İzlenmesi Tavsiye Edilen Filmler #1

2020 Küresel Koronavirüs Salgını’nın hepimizi evlerimizde çalışmaya, uzaktan sosyalleşmeye zorladığı bu dönemde; evde olmanın güzel yanlarını keşfetmek, mecburiyetin doğurduğu zorluklarla baş etmenin ve bu durumu kendi lehimize çevirmenin en güzel yollarından biri olsa gerek.
 
Bu yazıda sizin için, girişimcilere ilham veren senaryolara sahip film önerilerinde bulunmak istiyoruz; filmde geçen en can alıcı, film hakkında bize en tüyo veren cümlenin alıntısıyla birlikte. Kimilerini muhakkak izledik, kimilerini belki izlediğimizi unutacağımız kadar uzun zaman izledik. Fakat şimdi onlara bambaşka bir gözle ve farkındalıkla bakma zamanı: Girişimcilik perspektifiyle.
 
Sizinle paylaşmak istediğimiz filmlerin ilk bölümünü keyifle ve sağlıkla izlemeniz dileğiyle, 
 
The Social Network (2010)
“Drop the "The." Just "Facebook." It's cleaner.”

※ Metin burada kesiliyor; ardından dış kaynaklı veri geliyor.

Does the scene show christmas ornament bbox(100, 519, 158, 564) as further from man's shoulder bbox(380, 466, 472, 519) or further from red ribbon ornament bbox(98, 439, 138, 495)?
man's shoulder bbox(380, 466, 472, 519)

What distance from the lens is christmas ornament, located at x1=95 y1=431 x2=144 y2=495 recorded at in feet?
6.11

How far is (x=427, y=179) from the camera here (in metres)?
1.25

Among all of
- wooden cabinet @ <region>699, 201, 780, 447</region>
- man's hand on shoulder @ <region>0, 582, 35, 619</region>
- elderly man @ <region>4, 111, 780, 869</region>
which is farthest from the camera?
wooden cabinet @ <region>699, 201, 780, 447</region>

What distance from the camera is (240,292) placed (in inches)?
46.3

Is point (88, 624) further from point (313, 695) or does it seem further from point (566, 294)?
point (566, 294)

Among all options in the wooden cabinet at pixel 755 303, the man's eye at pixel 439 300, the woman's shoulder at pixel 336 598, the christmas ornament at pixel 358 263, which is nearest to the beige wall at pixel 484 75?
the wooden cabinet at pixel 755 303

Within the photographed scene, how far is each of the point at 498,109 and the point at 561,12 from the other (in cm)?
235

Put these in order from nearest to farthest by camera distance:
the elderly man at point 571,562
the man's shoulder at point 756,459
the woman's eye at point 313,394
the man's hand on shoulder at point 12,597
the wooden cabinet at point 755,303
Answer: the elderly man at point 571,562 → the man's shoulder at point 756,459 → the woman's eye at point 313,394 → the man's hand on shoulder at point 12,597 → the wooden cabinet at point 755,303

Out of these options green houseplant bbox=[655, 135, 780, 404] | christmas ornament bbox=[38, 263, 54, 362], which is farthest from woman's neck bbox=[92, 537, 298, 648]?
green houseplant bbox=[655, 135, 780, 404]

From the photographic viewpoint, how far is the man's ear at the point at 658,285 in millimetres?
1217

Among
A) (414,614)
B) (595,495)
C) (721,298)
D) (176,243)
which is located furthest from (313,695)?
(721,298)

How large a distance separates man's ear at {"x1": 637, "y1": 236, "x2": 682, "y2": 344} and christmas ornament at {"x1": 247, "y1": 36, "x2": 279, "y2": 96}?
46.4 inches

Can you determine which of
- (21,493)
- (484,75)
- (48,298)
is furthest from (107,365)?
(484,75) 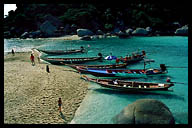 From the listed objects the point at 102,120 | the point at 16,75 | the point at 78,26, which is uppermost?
the point at 78,26

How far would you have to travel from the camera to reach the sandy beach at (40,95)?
17078 millimetres

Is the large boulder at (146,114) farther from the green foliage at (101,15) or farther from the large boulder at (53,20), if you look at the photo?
the large boulder at (53,20)

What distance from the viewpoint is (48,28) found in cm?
10844

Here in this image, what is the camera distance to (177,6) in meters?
99.4

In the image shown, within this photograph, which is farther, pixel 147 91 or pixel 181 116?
pixel 147 91

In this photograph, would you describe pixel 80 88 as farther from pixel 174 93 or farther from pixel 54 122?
pixel 174 93

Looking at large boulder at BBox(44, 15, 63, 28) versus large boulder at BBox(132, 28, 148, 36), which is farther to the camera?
large boulder at BBox(44, 15, 63, 28)

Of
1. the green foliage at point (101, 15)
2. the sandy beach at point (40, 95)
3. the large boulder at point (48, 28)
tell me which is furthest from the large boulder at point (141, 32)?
the sandy beach at point (40, 95)

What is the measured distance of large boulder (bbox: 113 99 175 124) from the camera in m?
14.4

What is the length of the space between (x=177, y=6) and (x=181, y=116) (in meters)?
98.7

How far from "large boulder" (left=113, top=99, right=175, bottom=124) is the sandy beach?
5985 millimetres

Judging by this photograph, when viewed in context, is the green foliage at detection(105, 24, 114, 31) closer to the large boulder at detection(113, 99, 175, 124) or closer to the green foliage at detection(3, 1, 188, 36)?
the green foliage at detection(3, 1, 188, 36)

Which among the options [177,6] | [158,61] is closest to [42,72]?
[158,61]

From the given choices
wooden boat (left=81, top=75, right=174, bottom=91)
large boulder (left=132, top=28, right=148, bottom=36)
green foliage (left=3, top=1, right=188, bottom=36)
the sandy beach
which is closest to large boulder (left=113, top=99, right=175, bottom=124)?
the sandy beach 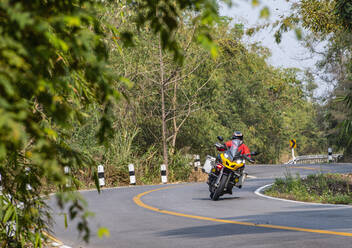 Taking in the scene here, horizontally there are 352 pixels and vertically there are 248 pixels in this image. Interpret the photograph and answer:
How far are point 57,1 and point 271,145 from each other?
184 feet

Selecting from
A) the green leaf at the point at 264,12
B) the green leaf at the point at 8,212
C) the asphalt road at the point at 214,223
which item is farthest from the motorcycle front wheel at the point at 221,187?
the green leaf at the point at 264,12

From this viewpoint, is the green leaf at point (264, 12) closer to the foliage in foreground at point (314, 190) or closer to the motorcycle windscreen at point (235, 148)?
the foliage in foreground at point (314, 190)

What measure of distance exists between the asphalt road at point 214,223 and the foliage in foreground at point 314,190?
113 centimetres

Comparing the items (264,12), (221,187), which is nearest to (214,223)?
(221,187)

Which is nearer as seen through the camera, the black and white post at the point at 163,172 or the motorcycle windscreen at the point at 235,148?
the motorcycle windscreen at the point at 235,148

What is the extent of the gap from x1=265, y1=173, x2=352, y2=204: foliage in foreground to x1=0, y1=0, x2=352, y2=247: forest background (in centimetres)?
143

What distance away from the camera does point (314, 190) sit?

David Fincher tarafından çekilen film, 2003 yılında Harvard öğrencisi Mark Zuckerberg’in bilgisayar başına oturarak çalışmaya başladığı ve hataya geçirdiği Facebook ile ilgili yaşadıklarını, kişisel ve yasal sorunları ve girişimin hikayesini anlatıyor. Facebook'un arkasında yatan gerçekler, oluşumunun öyküsü ve günümüz dünyasına sunduğu artı ve eksiler Justin Timberlake’in başarıyla canlandırdığı Mark Zuckerberg'in hikayesinden yola çıkılarak ele alınıyor. Özellikle Mark Zuckerberg’in, Sean Parker’la ilk tanışma sahnesi son derece etkileyici.
  
The Pursuit of Happiness (2006)
“The world is your oyster. It’s up to you to find the pearls.”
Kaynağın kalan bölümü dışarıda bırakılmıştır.